The project set up in the Netherlands has delivered exactly what it promised, namely measurably improved outcomes for breast cancer patients. Many countries have National Cancer Plans, few of which have delivered their full potential. The Netherlands was one of the first to set up cancer networks in 1980, backed by legislation that ensured cancer patients the right to a specialist oncologist's opinion. Many European countries still do not offer such a right.
Now the Netherlands leads oncology treatment once more. Dr Emil Rutgers, from the Netherlands Cancer Institute (which first showed the potential of gene signatures in prognosticating in breast cancer), described a very low-tech approach to accelerated management of patients suspected of having breast cancer.

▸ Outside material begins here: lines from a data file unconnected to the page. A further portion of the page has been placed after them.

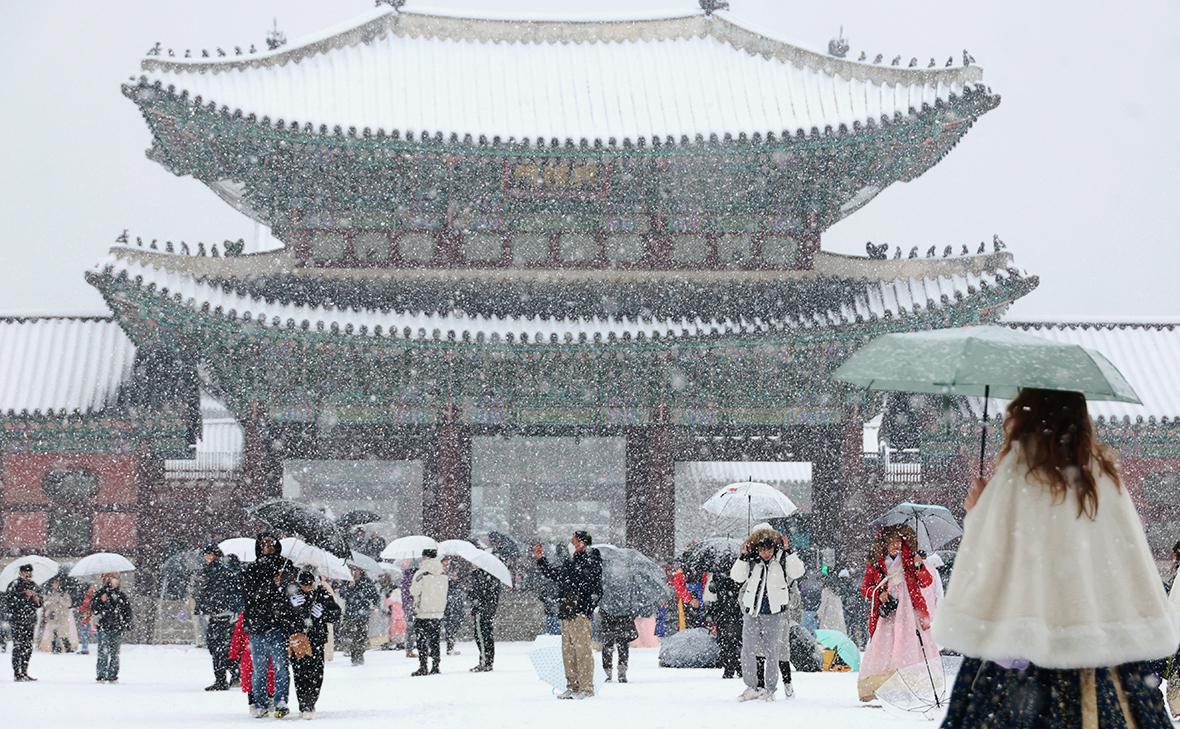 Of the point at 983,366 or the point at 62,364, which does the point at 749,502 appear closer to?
the point at 983,366

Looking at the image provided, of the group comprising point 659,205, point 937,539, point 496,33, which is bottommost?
point 937,539

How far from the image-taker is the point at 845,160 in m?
22.1

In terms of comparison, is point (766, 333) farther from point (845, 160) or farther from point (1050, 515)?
point (1050, 515)

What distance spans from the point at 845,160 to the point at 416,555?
8000 mm

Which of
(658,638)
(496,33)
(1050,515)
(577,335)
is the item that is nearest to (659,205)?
(577,335)

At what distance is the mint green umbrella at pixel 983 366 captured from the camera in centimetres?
671

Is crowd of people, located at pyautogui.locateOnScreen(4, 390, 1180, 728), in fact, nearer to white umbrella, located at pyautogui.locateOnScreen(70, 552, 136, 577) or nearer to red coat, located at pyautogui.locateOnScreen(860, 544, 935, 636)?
red coat, located at pyautogui.locateOnScreen(860, 544, 935, 636)

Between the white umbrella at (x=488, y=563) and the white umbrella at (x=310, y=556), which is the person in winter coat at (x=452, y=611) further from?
the white umbrella at (x=310, y=556)

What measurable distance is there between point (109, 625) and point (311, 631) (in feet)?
17.2

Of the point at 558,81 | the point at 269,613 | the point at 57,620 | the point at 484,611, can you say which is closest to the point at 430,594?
the point at 484,611

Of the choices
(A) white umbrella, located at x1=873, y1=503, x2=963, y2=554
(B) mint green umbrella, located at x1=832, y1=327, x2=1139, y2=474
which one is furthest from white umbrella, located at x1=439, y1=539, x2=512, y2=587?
(B) mint green umbrella, located at x1=832, y1=327, x2=1139, y2=474

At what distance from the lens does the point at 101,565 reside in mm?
21125

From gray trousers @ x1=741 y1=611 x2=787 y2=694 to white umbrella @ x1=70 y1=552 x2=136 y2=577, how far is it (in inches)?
409

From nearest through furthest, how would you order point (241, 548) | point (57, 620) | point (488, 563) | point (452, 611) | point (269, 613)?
point (269, 613), point (488, 563), point (241, 548), point (452, 611), point (57, 620) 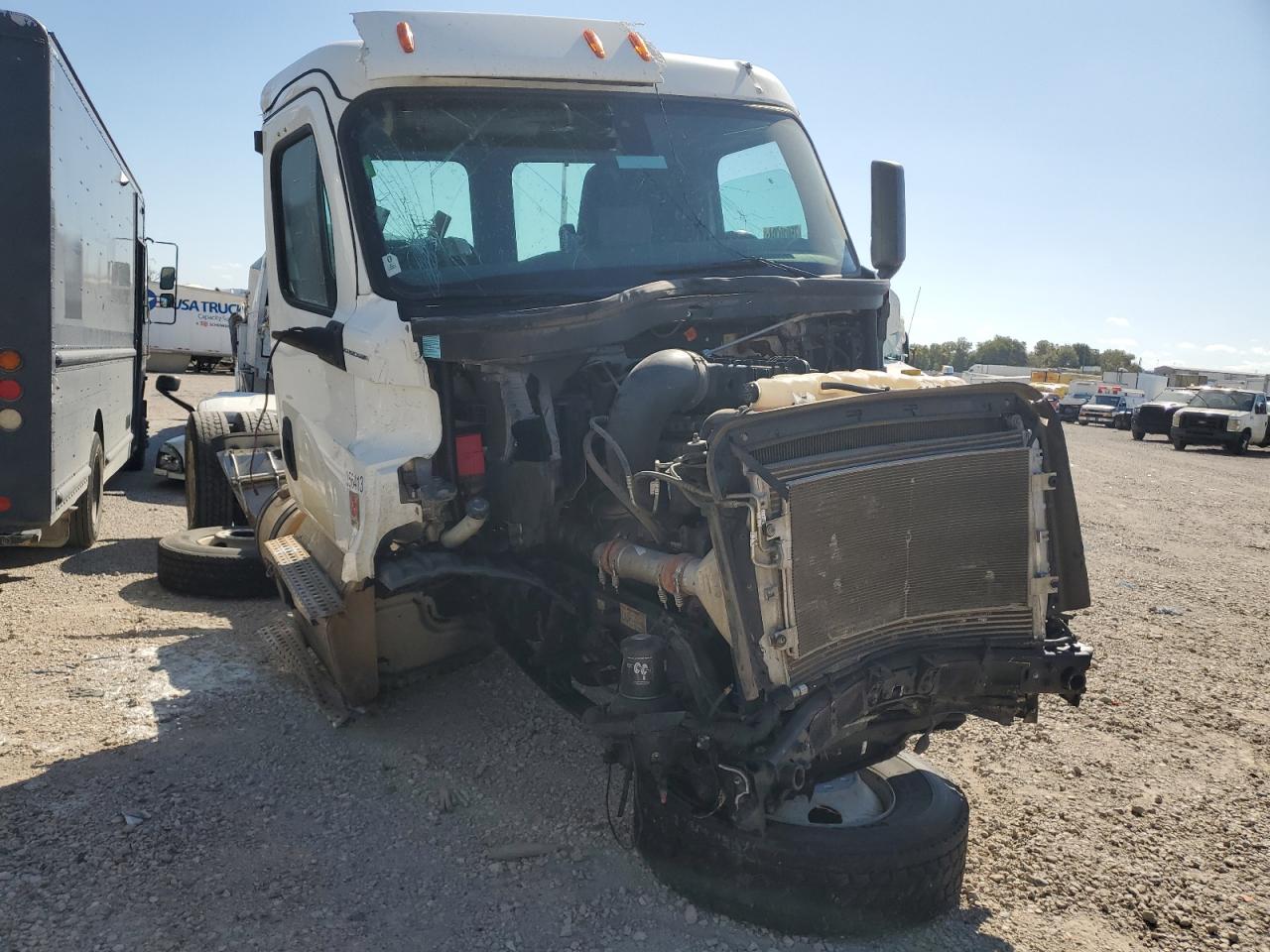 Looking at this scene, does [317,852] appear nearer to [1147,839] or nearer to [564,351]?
[564,351]

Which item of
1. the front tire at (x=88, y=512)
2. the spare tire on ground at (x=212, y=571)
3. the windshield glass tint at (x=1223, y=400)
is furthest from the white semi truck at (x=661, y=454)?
the windshield glass tint at (x=1223, y=400)

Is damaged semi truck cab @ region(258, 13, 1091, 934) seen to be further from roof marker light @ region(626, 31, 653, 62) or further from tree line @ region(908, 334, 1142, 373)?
tree line @ region(908, 334, 1142, 373)

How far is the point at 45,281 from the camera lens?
20.0 feet

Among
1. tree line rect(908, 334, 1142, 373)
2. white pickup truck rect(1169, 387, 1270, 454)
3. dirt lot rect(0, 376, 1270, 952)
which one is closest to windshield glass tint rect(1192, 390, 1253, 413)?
white pickup truck rect(1169, 387, 1270, 454)

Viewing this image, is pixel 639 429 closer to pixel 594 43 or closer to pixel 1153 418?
pixel 594 43

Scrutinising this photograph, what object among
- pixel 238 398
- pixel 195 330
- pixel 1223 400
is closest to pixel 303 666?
pixel 238 398

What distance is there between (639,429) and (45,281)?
14.8ft

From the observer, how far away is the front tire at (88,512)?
8258 millimetres

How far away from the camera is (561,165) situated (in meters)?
4.36

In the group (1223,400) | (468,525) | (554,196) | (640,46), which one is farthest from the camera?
(1223,400)

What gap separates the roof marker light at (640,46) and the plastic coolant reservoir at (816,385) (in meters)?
1.92

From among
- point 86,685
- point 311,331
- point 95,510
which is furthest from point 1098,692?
point 95,510

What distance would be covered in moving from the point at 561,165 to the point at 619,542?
170cm

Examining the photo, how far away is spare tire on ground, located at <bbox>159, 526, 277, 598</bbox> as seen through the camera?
6.91 m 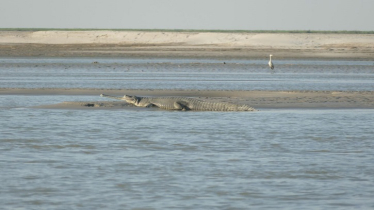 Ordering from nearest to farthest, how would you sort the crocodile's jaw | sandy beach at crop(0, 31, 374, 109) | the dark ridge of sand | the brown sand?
the crocodile's jaw → the brown sand → sandy beach at crop(0, 31, 374, 109) → the dark ridge of sand

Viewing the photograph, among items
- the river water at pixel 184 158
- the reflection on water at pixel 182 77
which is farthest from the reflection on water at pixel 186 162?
the reflection on water at pixel 182 77

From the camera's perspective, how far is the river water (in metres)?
9.50

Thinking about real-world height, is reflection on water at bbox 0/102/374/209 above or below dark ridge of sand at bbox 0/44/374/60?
below

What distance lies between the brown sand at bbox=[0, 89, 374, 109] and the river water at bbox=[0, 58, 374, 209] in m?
1.22

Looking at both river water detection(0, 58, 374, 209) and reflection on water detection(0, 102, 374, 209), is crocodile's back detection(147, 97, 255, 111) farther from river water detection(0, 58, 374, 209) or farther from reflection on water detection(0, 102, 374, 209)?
reflection on water detection(0, 102, 374, 209)

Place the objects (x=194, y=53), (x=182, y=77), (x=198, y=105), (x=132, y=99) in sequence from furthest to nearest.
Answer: (x=194, y=53) < (x=182, y=77) < (x=132, y=99) < (x=198, y=105)

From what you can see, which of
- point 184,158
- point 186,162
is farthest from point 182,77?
point 186,162

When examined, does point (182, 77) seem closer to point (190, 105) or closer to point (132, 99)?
point (132, 99)

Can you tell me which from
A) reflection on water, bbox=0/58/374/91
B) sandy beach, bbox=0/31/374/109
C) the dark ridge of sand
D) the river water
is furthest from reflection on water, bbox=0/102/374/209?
the dark ridge of sand

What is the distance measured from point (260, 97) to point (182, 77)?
1168 cm

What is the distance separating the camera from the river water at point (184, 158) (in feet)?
31.2

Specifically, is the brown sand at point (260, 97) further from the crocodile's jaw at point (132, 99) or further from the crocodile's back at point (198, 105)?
the crocodile's back at point (198, 105)

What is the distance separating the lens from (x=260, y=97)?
82.4 feet

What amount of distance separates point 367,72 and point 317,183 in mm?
32499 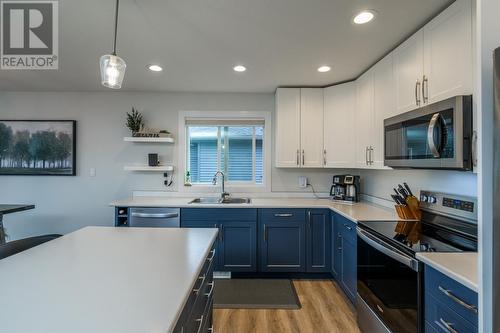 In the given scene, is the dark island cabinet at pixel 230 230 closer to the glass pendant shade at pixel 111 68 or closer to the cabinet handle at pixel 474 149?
the glass pendant shade at pixel 111 68

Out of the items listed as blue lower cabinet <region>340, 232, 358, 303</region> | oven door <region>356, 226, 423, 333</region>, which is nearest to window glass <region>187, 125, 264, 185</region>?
blue lower cabinet <region>340, 232, 358, 303</region>

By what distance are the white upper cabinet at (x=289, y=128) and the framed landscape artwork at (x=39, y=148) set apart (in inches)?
112

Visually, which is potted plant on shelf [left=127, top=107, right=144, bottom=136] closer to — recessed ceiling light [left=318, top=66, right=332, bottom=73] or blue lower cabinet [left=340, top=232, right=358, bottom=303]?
recessed ceiling light [left=318, top=66, right=332, bottom=73]

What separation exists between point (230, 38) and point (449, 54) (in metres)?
1.51

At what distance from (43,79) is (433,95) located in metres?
3.97

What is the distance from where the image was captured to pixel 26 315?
80 cm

They set up and achieved targets for faster diagnosis (2 weeks), reduced time to operation (3 weeks), and reduction of unnecessary operations (10- 35%).
All patients visiting a breast cancer clinic were evaluated pre-op by a multidisciplinary team, and yields of cells obtained from the breast lump were improved by only allowing trained professionals to do the breast punctures and by increasing the use of image guided biopsies. 22 teams around Holland took part, and 19 achieved a waiting time of one week. Many others achieved 2 to 3 weeks in other countries, but few got the subsequent time to diagnosis down to one week (18 hospital breakthrough teams did it in this study). And magnificently, all 22 teams had their patients in the operating room for surgical treatment within 3 weeks, 10 teams doing this within 2 weeks.